Smartphone sales shrink universally


Gartner, a research company on technology, has revealed that what looked like an issue singularly effecting iPhone X; shrinking sales figures, is actually a global matter. According to the company, global sales of smartphones fell by 5.8 percent in Q4, 2017 compared to the same period in 2016.

For 13 years, smartphone sales have sharply risen. The trend defied the olds through the 2007-2008 great recession. After 51 successful quarters, looks like the honeymoon is over. This is surprising because it comes at a time untapped markets for smartphones across India, China and Africa abound.

According to Gartner, several reasons exist for the downward trajectory and chief amongst these is that upgrade from feature phones to smartphones has stalled because technology companies have failed to satisfy the quest for quality yet ultra-low-cost smartphones.

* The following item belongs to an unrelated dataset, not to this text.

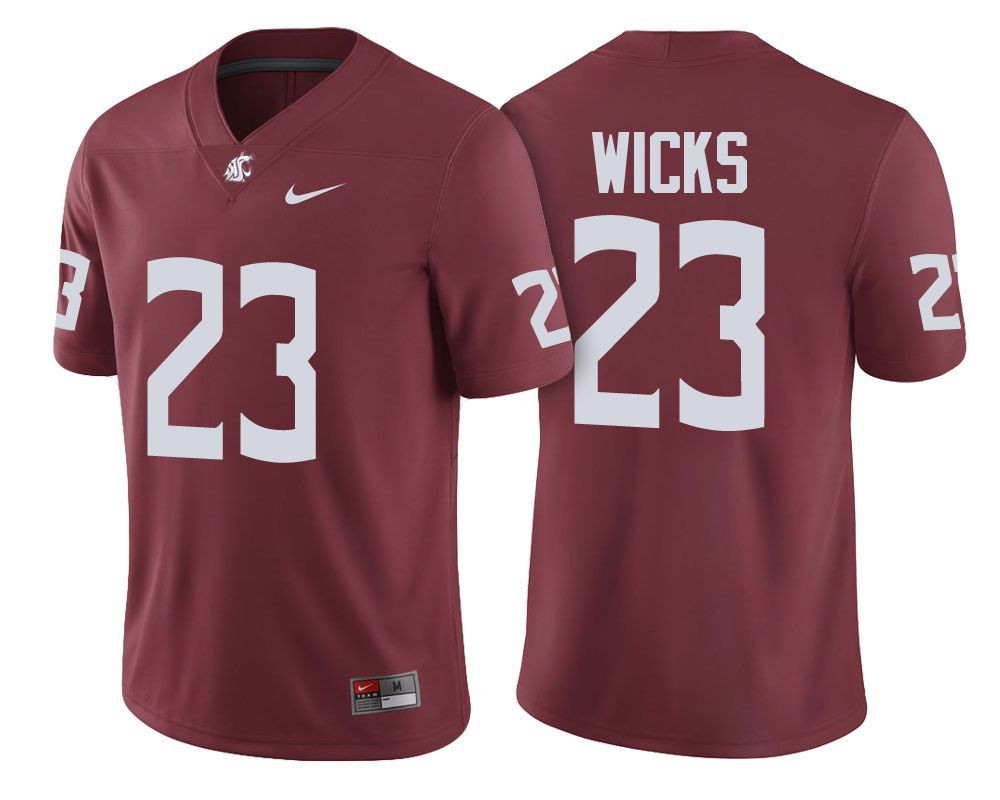 Washington State Cougars Crimson Gerard Wicks College Replica Jersey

Users of smartphones are careful by choosing quality and durable models that they can keep for longer. This has had the effect of lengthening the replacement cycle of smartphones.

While 4G connectivity and better camera features have been alluring users to upgrade, smartphone makers have not endeavoured to offer meaningful incremental benefits in these areas, weakening smartphone sales.

Since 2016, starting with Samsung Galaxy Note 7, newer phones seem to be plagued with more problems than older models. After the Note 7 battery fiasco came the iPhone drop of calls. The buying public cannot guess what will come next. This trend forces customers to adopt the “let’s wait and see” attitude before jumping into an upgrade.


Smartphones have been getting thinner yet users have been demanding better battery life. That is almost an oxymoron; the bigger the battery the better. This explains why companies such as Samsung got into serious troubles in trying to squeeze a bigger battery into a slim smartphone.

While integration of carrots in form of digital assistants such as Siri, Hello Google and Cortana are appealing, these have not quenched the thirst for performance gains, faster storage and dramatic screen resolution.

In Q4, 2017, Apple sold 73,175.2 thousand smartphones against 77,038.9 thousand smartphones sold in Q4, 2016. This represents a percent drop in sales. Samsung sales also declined, though slightly; the company shipped 74,782.6 thousand smartphones compared to 76, 782.6 thousand it sold in Q4 2016.

Surprisingly the Chinese smartphone manufacturers registered impressive gains. Xiaomi bagged in 78 percent growth while Huawei achieved 7.56 percent. Overall, smartphone sales globally grew by a meagre two perecent in 2017. This is in sharp contrast to the impressive growth that smartphones have enjoyed over the years.

This trend resembles the descending road that laptops and desktops took. The PCs lost the battle to smartphones and tablets because its creators failed to build them enthralling enough to act as magnets to drive upgrade cycles.

Now smartphones seem to be suffering from what made them more attractive than PCs. Where do we go from here? It about time they went back to the drawing board.